* [DESCRIPTION OF THE TASK] An exact copy is required of every line from the one with "TF2C: Flare Gun Animation" through the end of the data below, and the pictures must stay out of it.

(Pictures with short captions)
..........
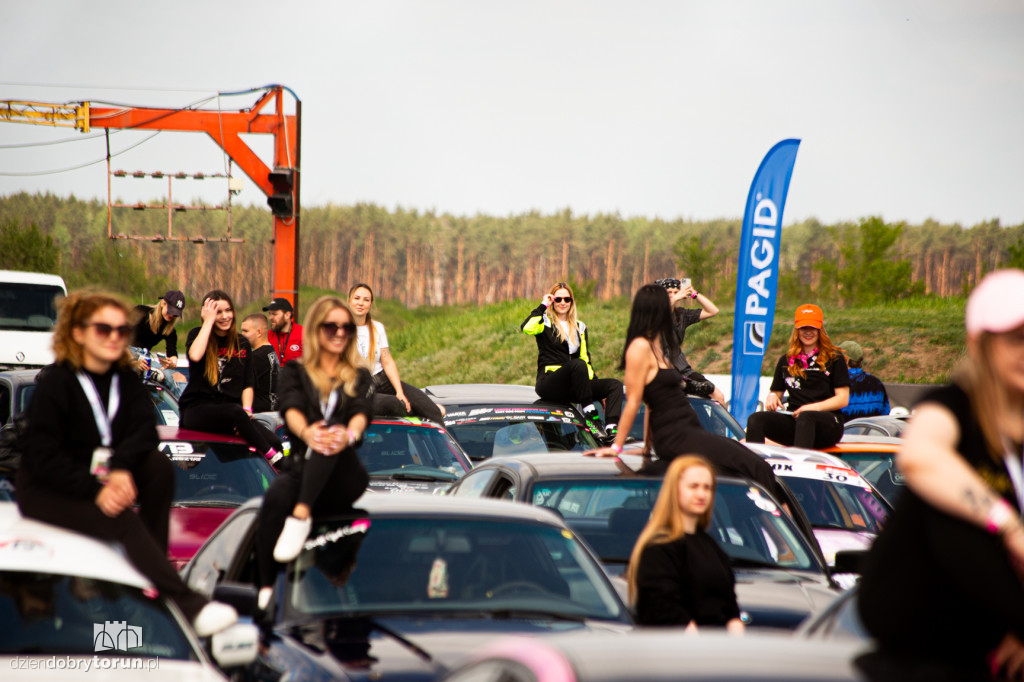 Drift Girl Camp w Motoparku
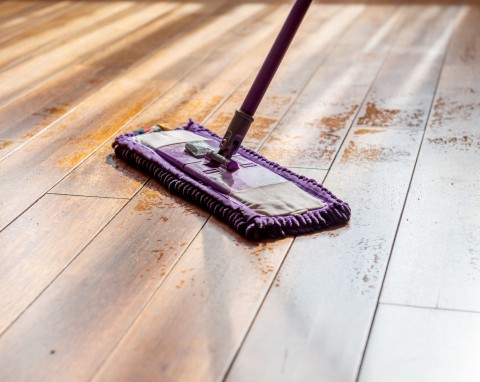 Podłoga lśni i pachnie jak w raju. Zbierz, zagotuj i dodaj do wiadra z mopem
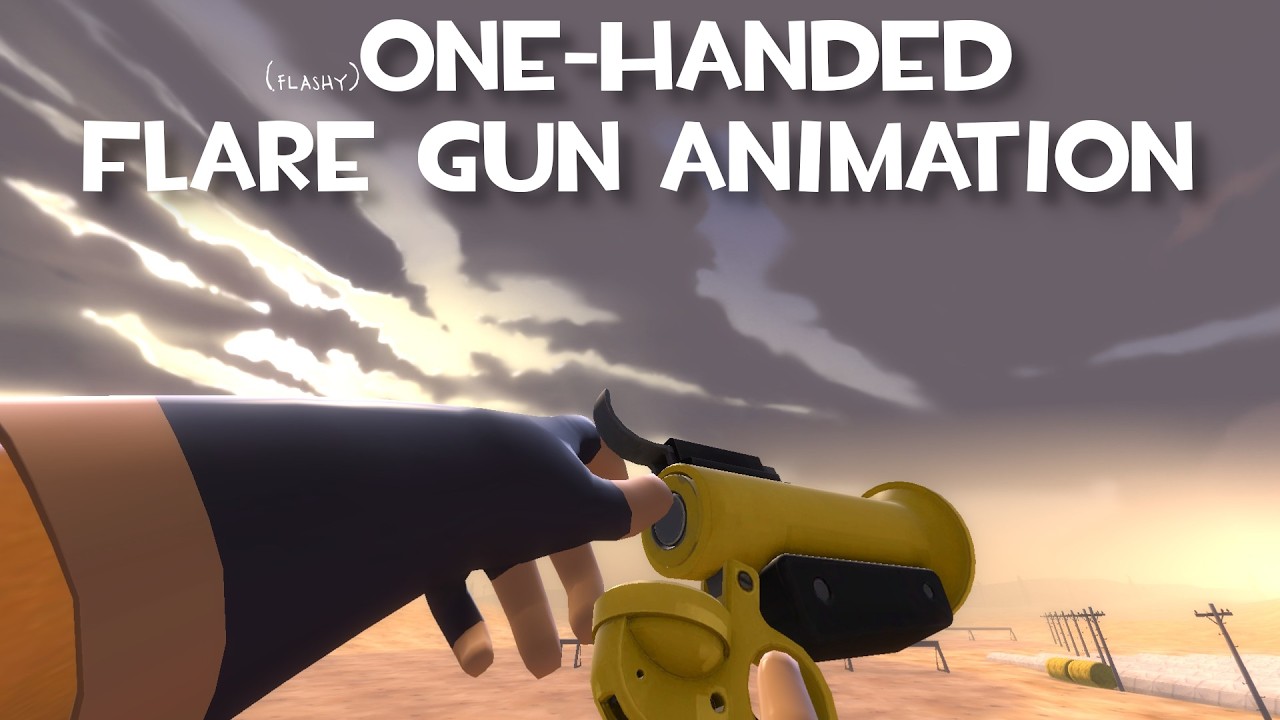 TF2C: Flare Gun Animation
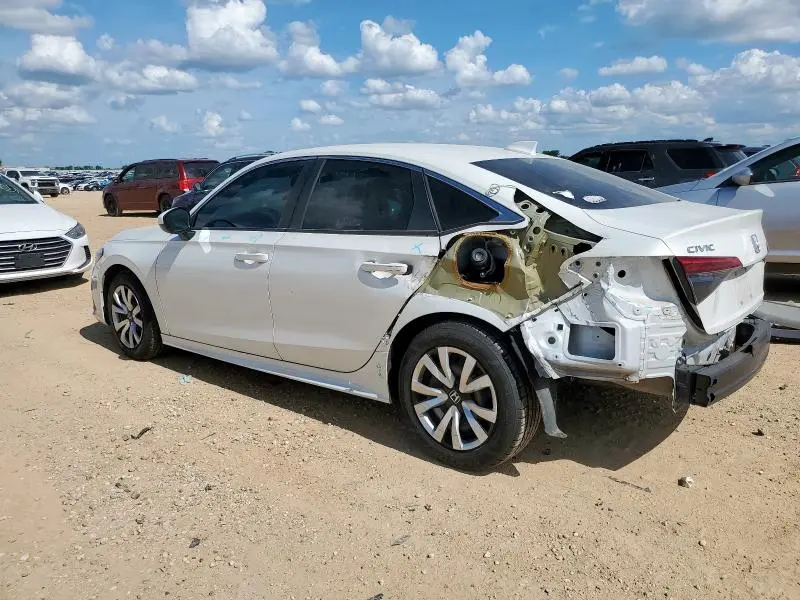 2022 HONDA CIVIC LX  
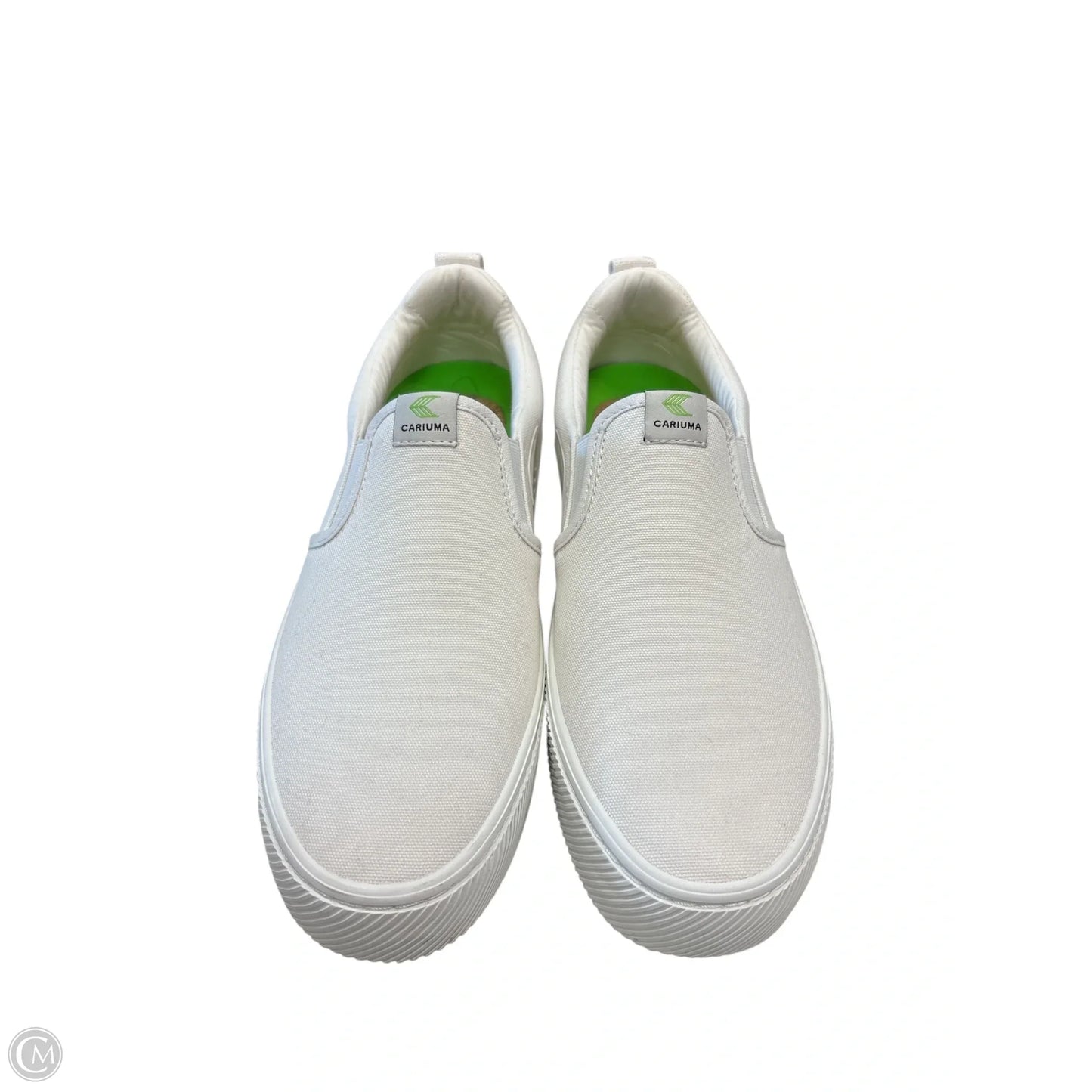 Shoes Sneakers By Cariuma In White, Size: 10.5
..........
* [RESPONSE FOR THIS EXERCISE]
 TF2C: Flare Gun Animation
 2022 HONDA CIVIC LX  
 Shoes Sneakers By Cariuma In White, Size: 10.5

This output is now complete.